そうしたスタートアップは事業の中核に技術や知的財産があって、その技術や知的財産というのは事業会社の中で蓄積をしているものが想定される中、知的財産は特許がメインだと思いますけれども、特許がどういった条件で譲渡されるのか、あるいはライセンスアウトされるのかというところは、スタートアップの成長性にダイレクトに関わるところだと思いますし、将来のビジネスがどれくらい自由にできるかというところにも関わってくると思います。

 

この部分も先ほどのお話と少しかぶりますけれども、会社として事業化できない技術であるのに、すごく厳しい競合避止義務やライセンス条件を課すなどして事業会社にとって有利な条件で知財を譲渡やライセンスアウトしてしまうと、スタートアップとして成長できなくなってしまいます。そうすると、せっかくカーブアウトしたのに事業会社にとっても損だということになってしまいます。

であるならば、中長期の目線でリターンを得るというようにある種ドライに考えていただければ、中長期的には双方にメリットの出てくる形で合意できていく余地はあるんじゃないかなと思います。

親子関係をどうするか

浜宮さん:カーブアウトしたときに元会社様がどれだけ株式を保有するかっていうことですね。会社法で日本は成り立ってるわけなので、33%だと議決権にちょっと入ってきます。つまり拒否権も入ってきます。VC側から見た場合、元会社がある程度株式を持ってサポートいただくっていうのは、私個人的にはすごくいいなと思っています。ただそこにあまりに支配力があると社長が動きづらいので、やめてほしいというのもあります。

 

エクイティファイナンスでやっていくことを考えた場合、後続ラウンドが発生するので放出できる株式を保有しておいてほしいです。それが仮にIPOを目指すような話であれば4ラウンド、5ラウンド欲しいので、1ラウンドあたりの放出量が10から15%ですから、そこはちゃんとキープしておきたい。元会社にはあまり持たないでくださいねというのが、VC側からの視点ではあります。

 

ただ、実際に私がやってるケースに関しては元会社が持たない方が多いです。むしろ連結決算対象にしなければいけないことを逆に大変という解釈される事業会社もいるのは事実で、株式の量が少なかったとしても実質的支配権があるから連結しなきゃいけないっていうふうに、監査の方で見られてしまうとそこはそれでしんどいなって思う考え方もあります。

 

支配という言葉を因数分解したときに、みんなにとって最適な支配。

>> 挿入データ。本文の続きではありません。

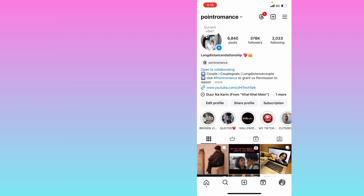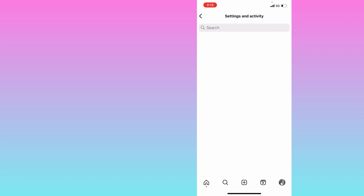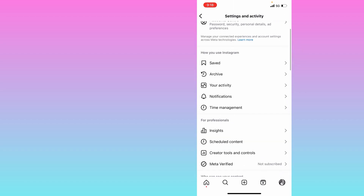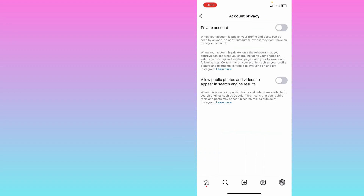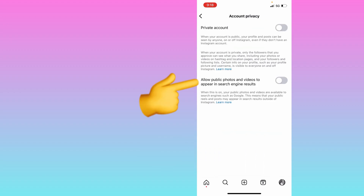I'll show you how to enable it on my mobile screen. Open your Instagram account, go to the three lines on the top right, scroll down, and you will see the option called Account Privacy. There you will see the second option: 'Allow public photos and videos to appear in search engine results.' You can click Learn More to read the details.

事業会社としては一定の株式を持って将来的にファイナンシャルリターンを得るっていうのもあるかもしれないですし、VCとしてはあまり多く持って欲しくないけど、幾分持っておいて欲しいですっていうところもあったり。最適な支配とは何かっていうのはすごく難しいです。

経済産業省の上田夏生氏

上田さん:会社の意思決定に対する影響力という意味での支配力ということで考えると、カーブアウトしてできたスタートアップの経営判断を誰が最も適切にできるのかという問題なのかなと思います。

 

会社の経営判断を一番合理的にできる人として、その技術を事業化したい起業家が適任であるからこそスタートアップという形でやっていくことを事業会社としても合意したということであって、それに対して元の事業会社が例えば半分以上の議決権を持ってスタートアップの意思決定に影響力を及ぼしていこうというのは、ベストな意思決定をスピード感をもってできる形にはならないんじゃないかと思います。

 

そもそも起業家主導型カーブアウトで創出されるスタートアップのベースにある技術は、元の事業会社で事業化しないという決めた技術なので、そうしたスタートアップに対して大きな支配力を持っていくことは、合理的な考えではないだろうと思います。

 

浜宮さん:経産省の方から出向起業制度をやられてるんですが、そこのルールが、元会社が20%以下であるならば補助金を出しますよっていうものなんです。あの20%って言葉が今スタンダードになりつつあるのかなって感覚があります。それが良いか悪いかは別ですけど、VCをやらせてもらってる側からすると20%以下の方がほどよいなって思ってるので、よかったなとは思っているのは事実です。

カーブアウトの実践ワークフロー

浜宮さん:今、「SPIN X10」という取り組みをやってるんですけど、そこでやってることがまさにこれで。大手企業の中ですごい優秀な人が出てくるケースがカーブアウトでは多いっていうのは、経験上わかっています。

 

ただすごく優秀なんですけども、会社法をわかってるかとか、エクイティファイナンスの仕組みをわかっているか、そこから会社を本当に作ろうってなったとき、登記して税務署に行って、社労士や経理、労務などやんなきゃいいこといっぱいあるじゃないですか。

 

そこの経験がある人がほとんどいないので、みんなすごく苦労します。項目だけばっと洗い出しても100個ぐらいあるんですよね。そこを外注するのも一つの道ですし、いろんなパターンがあると思ってます。

 

この中で例えば出向で出られる方と会話すると、大体みんな出向負担金の金額で悩んでたりとか傾向があったりします。こういうものは誰かがまとめてみんなでナレッジ固めていった方がいいなと思ってるので、「SPIN X10」でやっています。特にエクイティファイナンスは普通知らないと思うんですよね。

 

それを急にやって不可逆性な契約を結ぶのはすごくリスクあると思っているので、だからこそ早めにPL/BSから始まって事業計画書で資本政策表はちゃんと自分でプランニングできる状況に持っていかないと変な案件がいっぱい出てしまって次ラウンド作れないとか。だからもう日本でカーブアウトやめようぜみたいになっちゃうと元も子もないですから。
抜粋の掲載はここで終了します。